Billy Hamilton was chosen by the Reds in the second round of the 2009 MLB Amateur Draft. In five seasons as a professional ball player in the Reds farm system, he has managed to steal 395 bases, a record, to say the least, in the Reds organization. On August 21, 2012, nearing the end of the season, Hamilton stole his 146th base for the Pensacola Blue Wahoos, surpassing MLB great Vince Coleman. He finished the year with 155 stolen bases, a double-A best.
Before 2013 season, the Mississippi native was rated 33rd best prospect according to Through the Fence Baseball. He was the 11th best prospect according to MLB.com and the 20th best in Baseball America.
At the ripe age of 22, Hamilton joined the Reds on Monday against the St. Louis Cardinals, and he saw his first MLB action as a pitch runner for Ryan Ludwig on Tuesday night. Like many predicted, he stole his first base as a major leaguer off Yadier Molina, and he later scored on a Todd Fraizer double. Wednesday night was more of the same. Hamilton pinch ran for Ludwig, stole second and scored on a Zack Cozart single to center. In two days, Hamilton has two steals and two runs and he has yet to record an at-bat.
Scouting reports put 80 grades on Hamilton’s speed (20-80 scouting scale) — it’s the best a player can achieve. Most scouts and analysists have declared Hamilton as possibly being the fastest player to ever take the field.
How fast is Billy Hamilton? We can easily put him up against other players, and his speed would be easier to measure than that of hitting, hitting for power, arm strength or even fielding. Right now, Hamilton will roam the base paths in a somewhat of a depressed era for steals. The last 100-base stealer was in 1987. Coleman, with St. Louis, was the leading man. This was an era when Ricky Henderson owned the base paths, so the competition was fierce. Since the ’80s, the league’s leaders have stayed between 40 and 70 stolen bases a year. Hamilton could change this.

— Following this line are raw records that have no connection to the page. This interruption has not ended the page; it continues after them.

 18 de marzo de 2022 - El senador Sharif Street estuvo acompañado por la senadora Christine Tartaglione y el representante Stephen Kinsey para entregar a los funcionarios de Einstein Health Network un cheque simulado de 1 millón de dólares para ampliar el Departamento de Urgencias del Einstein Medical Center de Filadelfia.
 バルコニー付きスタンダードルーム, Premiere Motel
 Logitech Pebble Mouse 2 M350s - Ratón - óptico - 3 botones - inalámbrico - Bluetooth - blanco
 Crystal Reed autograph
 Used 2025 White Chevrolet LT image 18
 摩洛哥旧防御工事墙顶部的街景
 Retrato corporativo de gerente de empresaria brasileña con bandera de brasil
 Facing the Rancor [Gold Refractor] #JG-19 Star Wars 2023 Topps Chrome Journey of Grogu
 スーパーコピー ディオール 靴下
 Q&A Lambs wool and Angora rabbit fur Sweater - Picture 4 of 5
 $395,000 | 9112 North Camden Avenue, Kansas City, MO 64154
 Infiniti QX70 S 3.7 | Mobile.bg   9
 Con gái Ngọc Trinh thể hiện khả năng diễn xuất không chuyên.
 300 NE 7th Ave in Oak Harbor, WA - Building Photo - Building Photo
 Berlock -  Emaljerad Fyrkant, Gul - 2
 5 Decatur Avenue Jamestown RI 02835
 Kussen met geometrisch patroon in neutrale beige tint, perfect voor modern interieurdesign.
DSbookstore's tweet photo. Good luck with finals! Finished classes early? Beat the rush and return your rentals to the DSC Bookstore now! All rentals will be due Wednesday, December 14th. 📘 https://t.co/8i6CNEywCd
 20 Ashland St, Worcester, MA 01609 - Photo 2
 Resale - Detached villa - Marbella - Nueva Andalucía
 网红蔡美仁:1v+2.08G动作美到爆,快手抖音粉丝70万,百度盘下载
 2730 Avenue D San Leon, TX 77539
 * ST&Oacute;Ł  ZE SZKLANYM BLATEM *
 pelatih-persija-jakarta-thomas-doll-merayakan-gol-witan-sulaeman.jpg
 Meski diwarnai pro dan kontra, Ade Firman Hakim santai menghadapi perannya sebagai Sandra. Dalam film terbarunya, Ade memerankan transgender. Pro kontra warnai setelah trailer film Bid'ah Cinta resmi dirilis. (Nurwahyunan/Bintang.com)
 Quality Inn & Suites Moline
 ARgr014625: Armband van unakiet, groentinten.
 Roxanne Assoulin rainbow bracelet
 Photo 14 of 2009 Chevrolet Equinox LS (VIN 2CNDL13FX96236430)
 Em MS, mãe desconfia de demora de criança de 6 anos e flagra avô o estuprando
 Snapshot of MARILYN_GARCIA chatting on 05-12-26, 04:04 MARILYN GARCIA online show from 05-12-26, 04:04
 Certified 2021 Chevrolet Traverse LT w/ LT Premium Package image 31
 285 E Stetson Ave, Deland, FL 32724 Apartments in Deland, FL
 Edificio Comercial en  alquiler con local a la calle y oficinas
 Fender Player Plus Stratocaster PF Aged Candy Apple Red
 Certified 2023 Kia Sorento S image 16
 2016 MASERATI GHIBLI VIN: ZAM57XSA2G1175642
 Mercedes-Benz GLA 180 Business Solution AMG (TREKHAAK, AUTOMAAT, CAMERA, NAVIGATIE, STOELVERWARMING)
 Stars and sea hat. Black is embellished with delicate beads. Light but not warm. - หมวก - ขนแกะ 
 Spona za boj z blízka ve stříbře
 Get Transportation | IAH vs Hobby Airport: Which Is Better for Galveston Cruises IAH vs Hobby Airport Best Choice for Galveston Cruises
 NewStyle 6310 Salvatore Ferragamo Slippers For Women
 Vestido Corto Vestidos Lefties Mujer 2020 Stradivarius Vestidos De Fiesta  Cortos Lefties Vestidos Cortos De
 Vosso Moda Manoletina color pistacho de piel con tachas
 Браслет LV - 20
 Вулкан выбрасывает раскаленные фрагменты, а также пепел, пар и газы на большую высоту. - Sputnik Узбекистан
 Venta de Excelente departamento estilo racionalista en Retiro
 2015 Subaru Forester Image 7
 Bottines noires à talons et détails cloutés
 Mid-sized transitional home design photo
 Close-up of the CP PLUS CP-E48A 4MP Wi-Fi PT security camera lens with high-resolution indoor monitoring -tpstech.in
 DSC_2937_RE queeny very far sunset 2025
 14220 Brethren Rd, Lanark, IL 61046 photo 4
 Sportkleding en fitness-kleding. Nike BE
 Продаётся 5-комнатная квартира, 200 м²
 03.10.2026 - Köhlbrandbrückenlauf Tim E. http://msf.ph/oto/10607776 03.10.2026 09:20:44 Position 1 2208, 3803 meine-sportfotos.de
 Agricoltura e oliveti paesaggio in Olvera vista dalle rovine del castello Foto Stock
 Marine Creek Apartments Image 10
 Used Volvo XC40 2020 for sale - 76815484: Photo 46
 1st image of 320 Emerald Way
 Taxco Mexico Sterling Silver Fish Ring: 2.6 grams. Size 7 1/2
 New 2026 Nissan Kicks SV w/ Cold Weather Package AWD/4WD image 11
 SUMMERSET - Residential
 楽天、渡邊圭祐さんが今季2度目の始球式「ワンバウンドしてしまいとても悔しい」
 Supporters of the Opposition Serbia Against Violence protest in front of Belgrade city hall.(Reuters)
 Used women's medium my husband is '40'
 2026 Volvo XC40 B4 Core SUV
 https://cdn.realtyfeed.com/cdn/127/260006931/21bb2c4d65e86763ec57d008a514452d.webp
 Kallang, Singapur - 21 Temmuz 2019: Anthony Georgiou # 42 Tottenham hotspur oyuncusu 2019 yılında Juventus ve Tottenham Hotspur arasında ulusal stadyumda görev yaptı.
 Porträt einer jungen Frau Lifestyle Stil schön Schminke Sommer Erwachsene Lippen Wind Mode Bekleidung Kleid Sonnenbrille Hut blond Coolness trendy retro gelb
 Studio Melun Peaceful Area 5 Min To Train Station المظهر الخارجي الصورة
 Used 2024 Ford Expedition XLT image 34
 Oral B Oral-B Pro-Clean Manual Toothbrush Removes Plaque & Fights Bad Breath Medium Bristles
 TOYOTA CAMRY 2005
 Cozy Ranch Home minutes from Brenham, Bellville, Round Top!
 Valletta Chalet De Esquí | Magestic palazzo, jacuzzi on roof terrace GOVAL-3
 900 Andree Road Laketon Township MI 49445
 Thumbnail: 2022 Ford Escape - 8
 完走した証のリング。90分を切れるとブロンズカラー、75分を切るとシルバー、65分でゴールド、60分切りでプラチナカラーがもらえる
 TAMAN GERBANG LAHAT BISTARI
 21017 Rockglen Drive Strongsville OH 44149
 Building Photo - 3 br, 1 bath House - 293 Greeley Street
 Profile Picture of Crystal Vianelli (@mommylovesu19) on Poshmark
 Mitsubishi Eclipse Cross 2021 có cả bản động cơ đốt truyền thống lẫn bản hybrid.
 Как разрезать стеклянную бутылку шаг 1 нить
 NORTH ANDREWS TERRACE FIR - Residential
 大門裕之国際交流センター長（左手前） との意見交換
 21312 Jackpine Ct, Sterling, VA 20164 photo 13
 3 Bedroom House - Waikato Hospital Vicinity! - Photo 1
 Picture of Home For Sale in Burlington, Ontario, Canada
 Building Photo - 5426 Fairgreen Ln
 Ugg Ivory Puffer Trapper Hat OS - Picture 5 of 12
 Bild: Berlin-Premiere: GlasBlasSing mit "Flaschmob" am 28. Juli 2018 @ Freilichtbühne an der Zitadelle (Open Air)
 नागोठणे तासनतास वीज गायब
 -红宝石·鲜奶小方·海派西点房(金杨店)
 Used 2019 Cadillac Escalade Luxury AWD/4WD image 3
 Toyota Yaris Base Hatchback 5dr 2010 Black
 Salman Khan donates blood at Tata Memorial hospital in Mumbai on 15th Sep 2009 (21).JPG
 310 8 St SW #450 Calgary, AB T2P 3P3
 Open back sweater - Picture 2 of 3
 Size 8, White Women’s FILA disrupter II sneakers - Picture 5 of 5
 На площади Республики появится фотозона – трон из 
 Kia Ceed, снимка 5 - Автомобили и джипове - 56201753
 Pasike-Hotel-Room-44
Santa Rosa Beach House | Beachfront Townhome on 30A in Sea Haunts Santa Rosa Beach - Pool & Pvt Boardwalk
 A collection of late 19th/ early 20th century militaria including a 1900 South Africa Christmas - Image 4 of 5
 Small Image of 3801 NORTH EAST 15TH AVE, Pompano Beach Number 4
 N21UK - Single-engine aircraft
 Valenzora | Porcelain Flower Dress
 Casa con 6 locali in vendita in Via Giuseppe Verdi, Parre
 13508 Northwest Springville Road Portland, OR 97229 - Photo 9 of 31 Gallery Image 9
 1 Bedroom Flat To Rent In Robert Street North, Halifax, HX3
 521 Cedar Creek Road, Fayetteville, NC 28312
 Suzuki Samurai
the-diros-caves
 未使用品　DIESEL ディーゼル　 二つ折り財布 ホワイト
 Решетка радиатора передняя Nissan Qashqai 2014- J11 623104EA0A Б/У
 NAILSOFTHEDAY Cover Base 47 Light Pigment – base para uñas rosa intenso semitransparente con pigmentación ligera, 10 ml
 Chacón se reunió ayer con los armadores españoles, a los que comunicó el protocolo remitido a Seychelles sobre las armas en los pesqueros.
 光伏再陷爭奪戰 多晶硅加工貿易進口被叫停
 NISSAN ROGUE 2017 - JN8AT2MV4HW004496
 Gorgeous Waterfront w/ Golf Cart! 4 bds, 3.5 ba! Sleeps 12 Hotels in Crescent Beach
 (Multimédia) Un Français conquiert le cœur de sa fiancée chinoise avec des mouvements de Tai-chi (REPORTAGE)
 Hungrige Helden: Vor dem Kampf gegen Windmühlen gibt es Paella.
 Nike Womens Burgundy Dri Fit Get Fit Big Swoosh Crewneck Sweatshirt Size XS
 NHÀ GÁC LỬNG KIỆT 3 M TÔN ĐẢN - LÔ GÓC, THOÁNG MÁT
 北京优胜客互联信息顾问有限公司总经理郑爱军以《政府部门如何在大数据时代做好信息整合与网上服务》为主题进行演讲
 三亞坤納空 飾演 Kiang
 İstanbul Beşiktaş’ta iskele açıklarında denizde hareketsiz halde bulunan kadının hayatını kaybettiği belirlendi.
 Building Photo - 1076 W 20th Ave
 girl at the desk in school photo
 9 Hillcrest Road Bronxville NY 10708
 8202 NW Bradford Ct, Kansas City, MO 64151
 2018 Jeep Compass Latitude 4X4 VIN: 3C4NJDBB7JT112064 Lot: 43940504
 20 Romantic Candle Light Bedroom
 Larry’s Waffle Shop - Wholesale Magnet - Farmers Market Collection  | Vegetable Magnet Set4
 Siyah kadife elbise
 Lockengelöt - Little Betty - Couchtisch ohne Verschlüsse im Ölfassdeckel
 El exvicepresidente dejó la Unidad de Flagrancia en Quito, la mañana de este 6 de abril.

So, let’s compare speed for speed. We’ll take Coleman and Henderson in the ’80s. We’ll look at their first three seasons on the farm, since both were called up more in their fourth seasons quite a bit after that. Like Hamilton, Coleman and Henderson were 20-80 runners. All three were predominately injury-free their first three seasons in the lower levels.
Player Games SB CS Ave.
Rickey Henderson ‘76-78 313 205 57 1.53
Vince Coleman ‘82-84 323 289 70 1.12
Billy Hamilton ‘09-11 247 175 32 1.41
Taking the above into consideration, and rationalizing their attempts versus outs when stealing:
- Henderson was caught stealing every five attempts.
- Coleman was caught stealing every five attempts.
- Hamilton was caught stealing every six attempts, but very close to seven.
Now, of course, we didn’t consider the leagues or teams they were on or the talent they faced. I mean these are different eras. However, each has a similar scouting report. The only thing that shows a little difference is that Hamilton was more versatile in the field, as he can play infield as well and is a switch hitter, like Coleman. But that isn’t a determination on his speed versus the other two stars.
How fast is Hamilton? Extremely fast, but we don’t really have the right measurements to quantify it. What we do know is that Hamilton steals a lot and can change a game while doing so, much like Jackie Robinson and Willie Mays did when they were on base. This is something to think about and look forward to.